DATA
----------------

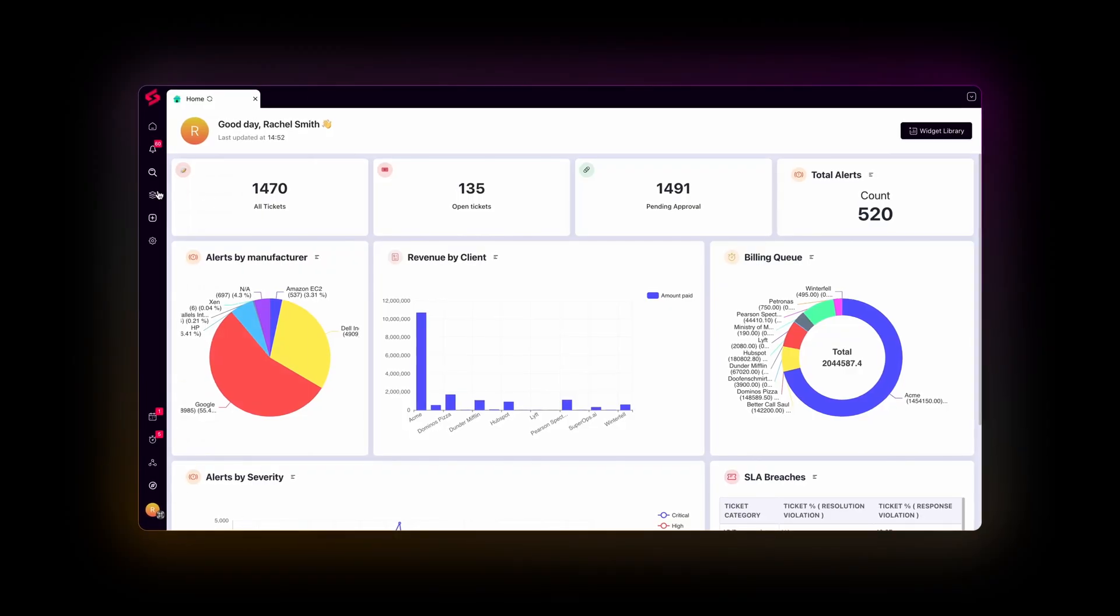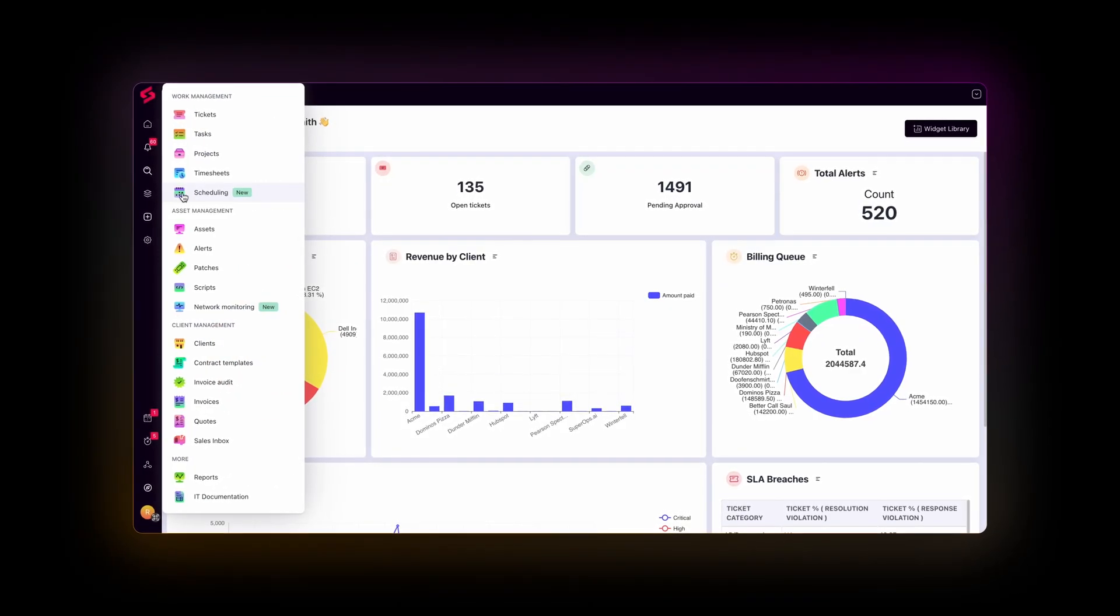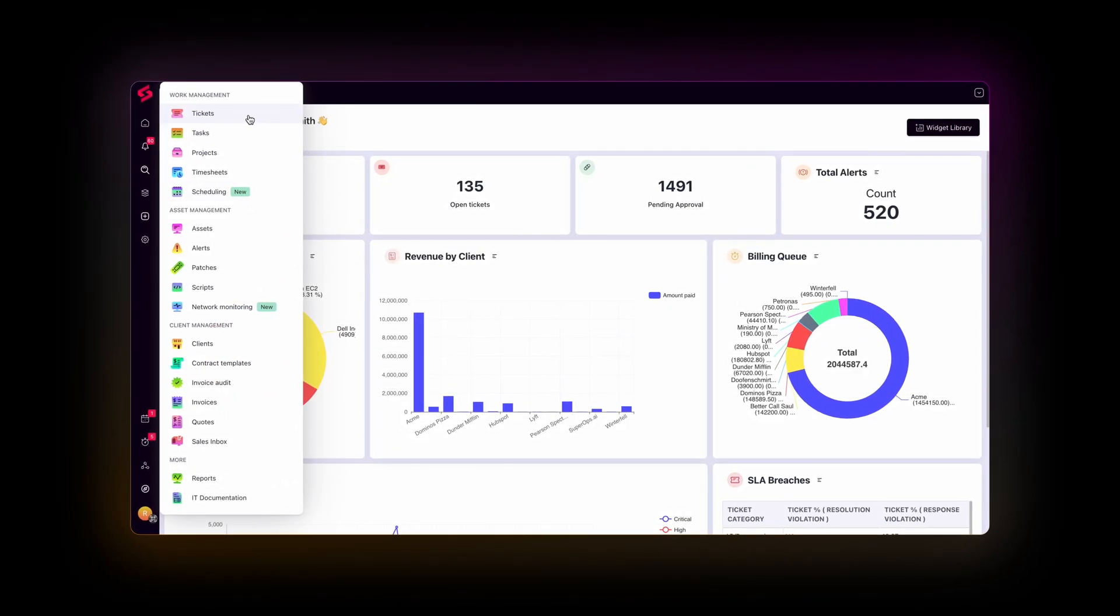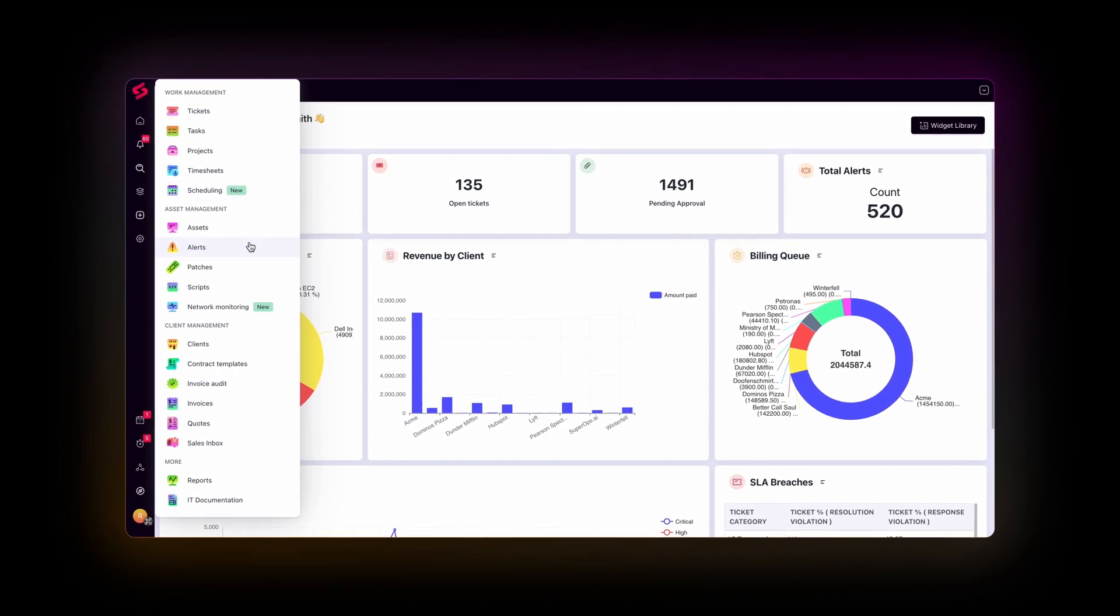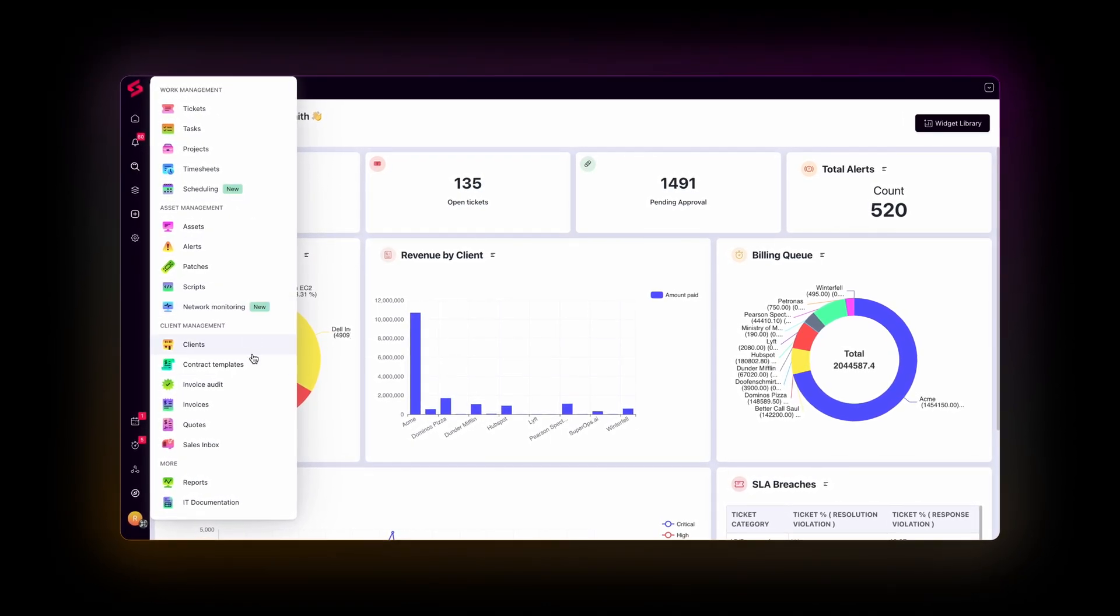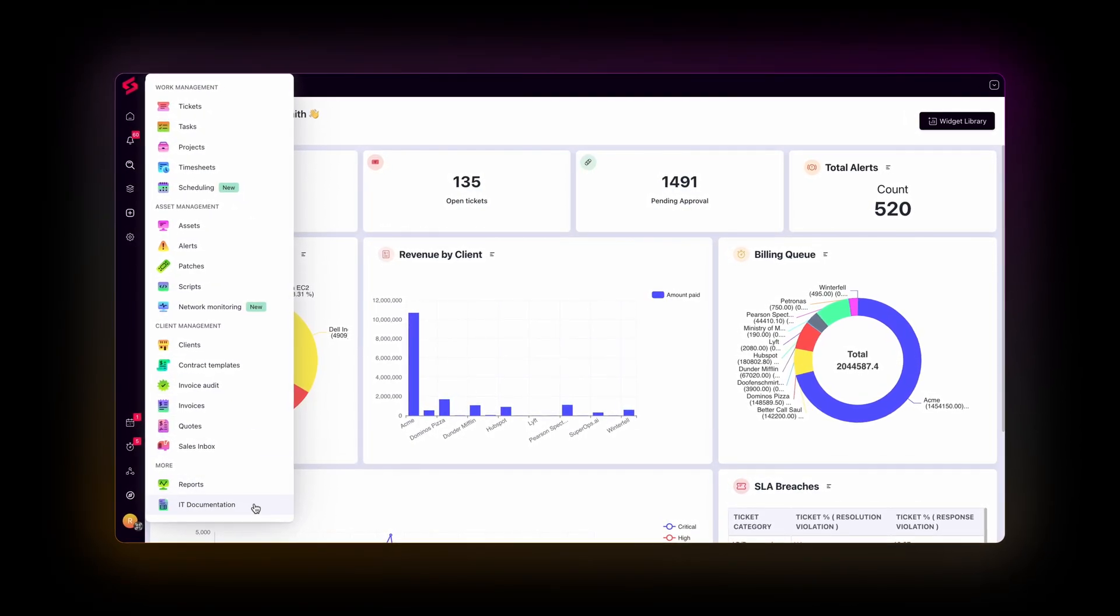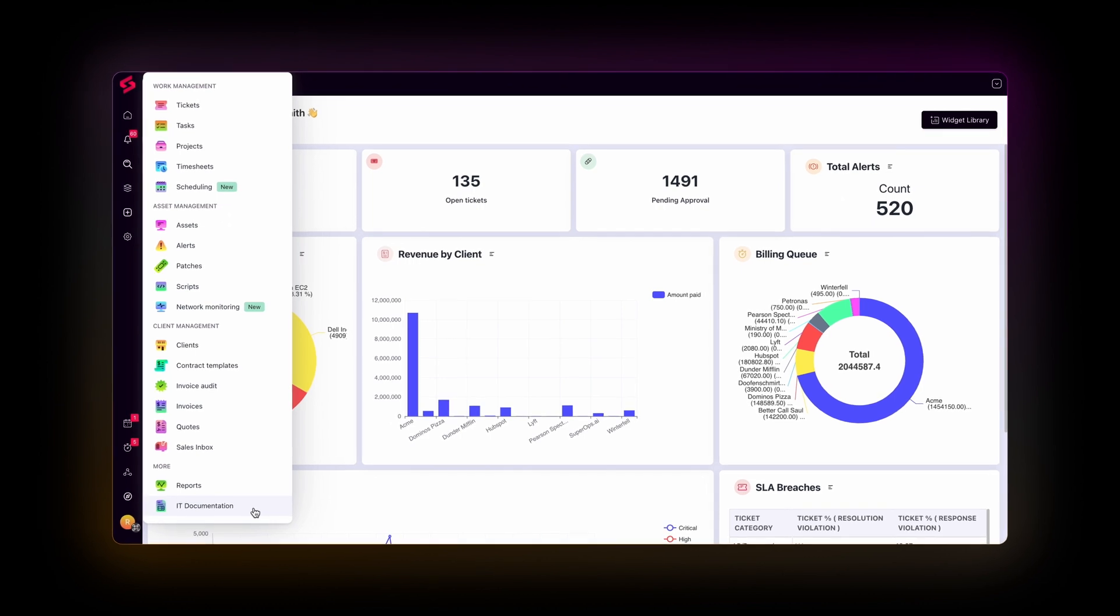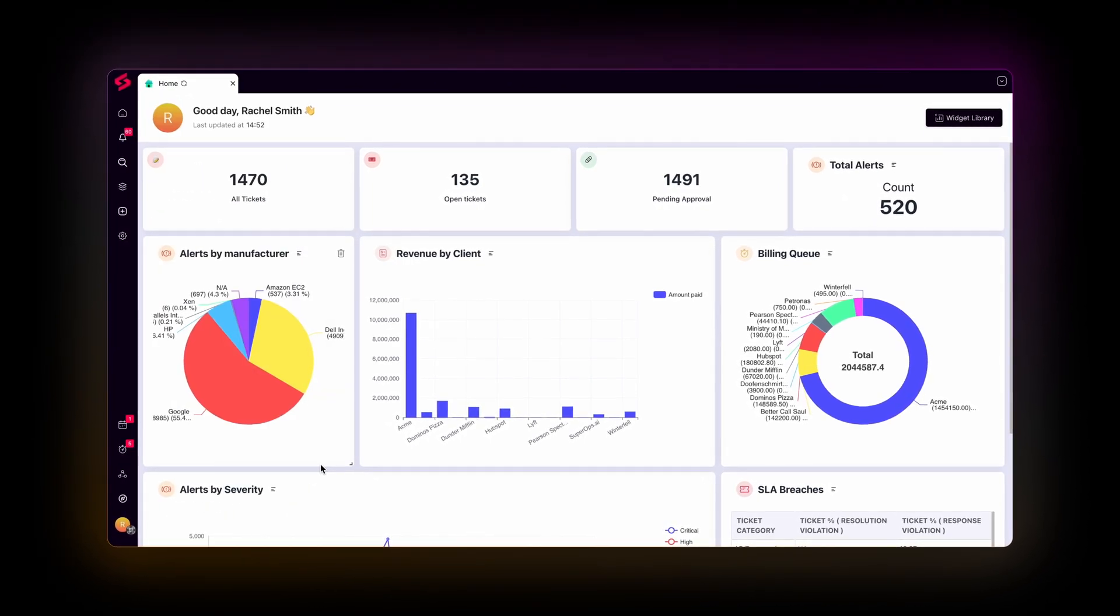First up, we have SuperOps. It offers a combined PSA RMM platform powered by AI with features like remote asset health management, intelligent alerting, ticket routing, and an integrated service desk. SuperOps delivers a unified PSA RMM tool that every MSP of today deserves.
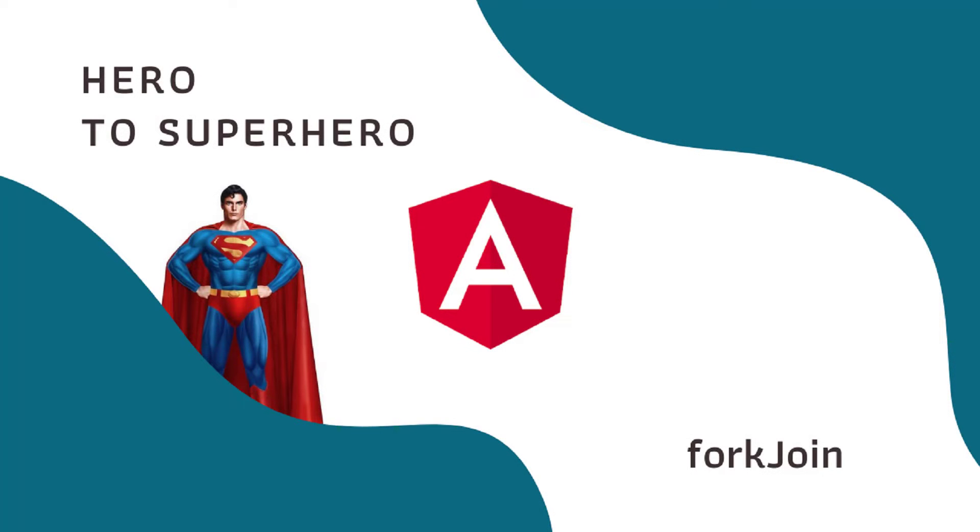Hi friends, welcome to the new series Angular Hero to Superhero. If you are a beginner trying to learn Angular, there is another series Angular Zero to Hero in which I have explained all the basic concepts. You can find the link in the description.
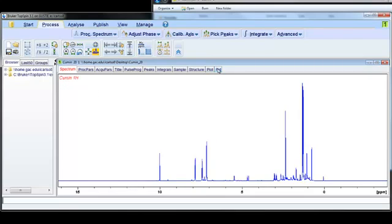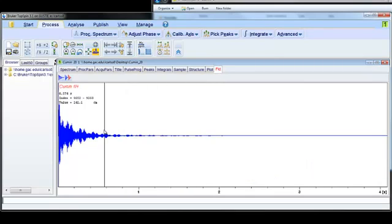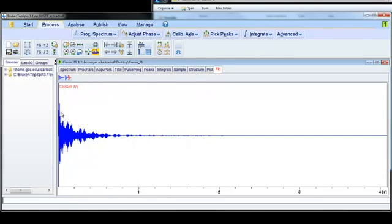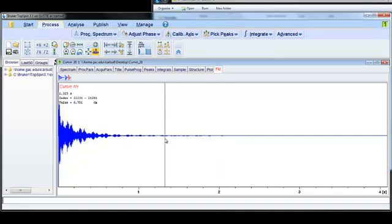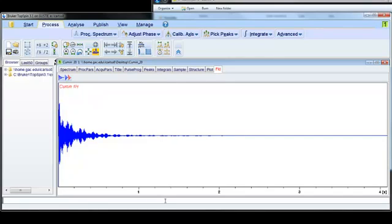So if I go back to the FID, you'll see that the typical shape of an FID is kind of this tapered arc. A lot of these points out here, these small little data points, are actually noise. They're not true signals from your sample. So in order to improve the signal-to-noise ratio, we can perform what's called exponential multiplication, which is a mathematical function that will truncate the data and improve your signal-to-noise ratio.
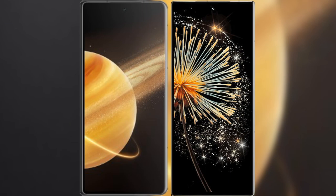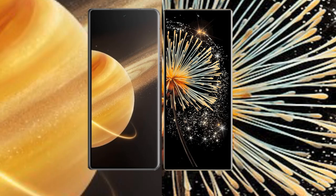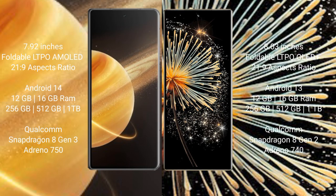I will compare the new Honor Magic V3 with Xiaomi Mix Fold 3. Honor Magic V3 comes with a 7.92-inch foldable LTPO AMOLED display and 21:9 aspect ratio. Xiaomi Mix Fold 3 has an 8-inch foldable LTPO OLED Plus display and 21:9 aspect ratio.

----------------

Repeat the listing above word for word, omitting the pictures.

YOUR SOLUTION
First up, we have SuperOps. It offers a combined PSA RMM platform powered by AI with features like remote asset health management, intelligent alerting, ticket routing, and an integrated service desk. SuperOps delivers a unified PSA RMM tool that every MSP of today deserves.
Hi friends, welcome to the new series Angular Hero to Superhero. If you are a beginner trying to learn Angular, there is another series Angular Zero to Hero in which I have explained all the basic concepts. You can find the link in the description.
So if I go back to the FID, you'll see that the typical shape of an FID is kind of this tapered arc. A lot of these points out here, these small little data points, are actually noise. They're not true signals from your sample. So in order to improve the signal-to-noise ratio, we can perform what's called exponential multiplication, which is a mathematical function that will truncate the data and improve your signal-to-noise ratio.
I will compare the new Honor Magic V3 with Xiaomi Mix Fold 3. Honor Magic V3 comes with a 7.92-inch foldable LTPO AMOLED display and 21:9 aspect ratio. Xiaomi Mix Fold 3 has an 8-inch foldable LTPO OLED Plus display and 21:9 aspect ratio.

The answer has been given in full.